[FOM] iterative conception/cumulative hierarchy

[kremer at uchicago.edu]

Nik Weaver distinguishes two questions:

(1)  how we are to repair our naive ideas about sets ... in the face of the paradoxes.  (2)to what extent our modified understanding will support the ZFC axioms.

He points out that the idea of presupposition/metaphysical dependence is supposed to be an answer to (1) but not (a full answer) to (2).  He then makes two points.

(a)  in order to block the paradoxes, we need to agree that dependence is well-founded. This seems unjustified without reverting to a temporal or spatial metaphor.

(b) Even if metaphysical dependence is well-founded, we do not have a clear statement of conditions under which a given concept has an extension. He considers "a concept has an extension if the objects falling under its hereditary closure are well-founded under the "metaphysical dependence" relation," but claims that "the concept *set* would ... satisfy this condition." He asks how accepting a well-founded metaphysical dependence relation can "help us understand which concepts have extensions?  Specifically, how does it explain why the concept *set* fails to have an extension?"

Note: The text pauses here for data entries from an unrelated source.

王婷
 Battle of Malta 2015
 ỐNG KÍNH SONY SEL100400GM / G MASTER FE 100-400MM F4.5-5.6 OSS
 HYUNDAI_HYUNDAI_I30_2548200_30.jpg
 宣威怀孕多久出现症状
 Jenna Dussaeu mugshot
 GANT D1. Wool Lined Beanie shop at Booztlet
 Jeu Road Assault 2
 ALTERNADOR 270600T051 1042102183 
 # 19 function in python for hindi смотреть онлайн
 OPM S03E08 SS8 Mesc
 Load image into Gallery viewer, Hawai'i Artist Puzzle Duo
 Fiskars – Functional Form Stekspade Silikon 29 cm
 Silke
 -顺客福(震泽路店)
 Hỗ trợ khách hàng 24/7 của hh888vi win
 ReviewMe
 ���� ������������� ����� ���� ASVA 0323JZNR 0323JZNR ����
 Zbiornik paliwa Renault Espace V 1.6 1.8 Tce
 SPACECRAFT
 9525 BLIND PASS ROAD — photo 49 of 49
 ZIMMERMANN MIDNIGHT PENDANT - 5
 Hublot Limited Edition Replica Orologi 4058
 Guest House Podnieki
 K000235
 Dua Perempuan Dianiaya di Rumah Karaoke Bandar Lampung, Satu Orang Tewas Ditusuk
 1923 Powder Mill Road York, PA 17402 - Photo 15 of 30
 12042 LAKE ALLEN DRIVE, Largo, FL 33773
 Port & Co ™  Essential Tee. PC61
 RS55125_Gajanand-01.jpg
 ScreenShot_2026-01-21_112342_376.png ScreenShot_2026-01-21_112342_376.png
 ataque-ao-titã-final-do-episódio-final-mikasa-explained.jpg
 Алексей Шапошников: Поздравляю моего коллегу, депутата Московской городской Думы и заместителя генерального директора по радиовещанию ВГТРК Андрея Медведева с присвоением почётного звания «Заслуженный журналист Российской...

On (a), I think the idea that dependence/presupposition is well-founded is intuitive and does not depend on spatial and temporal metaphors, but we may just have to leave matters there and agree to disagree. Perhaps others can do better.

On (b), though, I have two points.  First, I think that the presupposition idea is not giving us a sufficient condition for a concept to have an extension.  It is only giving us a necessary condition.  For this reason it cannot give us a positive criterion ("a concept has an extension if...." -- as in Weaver's attempted formulation) but only a negative criterion ("a concept fails to have an extension if..." -- or "if a concept has an extension, then...").  And that formulation is simply this:

If a concept has an extension, then that the hereditary closure of that extension is well-founded under the metaphysical dependence relation.  (I mean to be using "x is well-founded under the metaphysical dependence relation" in the same sense that Weaver uses it).

Put negatively:

If the hereditary closure of the extension of a concept would be non-well-founded under the metaphysical dependence relation were it to exist (as a set), then that concept does not have an extension.

My second point is that contrary what Weaver says, this  criterion *does* rule out the set of all sets.  The reason is simple:  if there is a set of all sets, S, then S is a member of S. And so there is an object in the hereditary closure of S, namely S itself, which is not well-founded under the metaphysical dependence relation.  (Since we are granting (a).)

Michael Kremer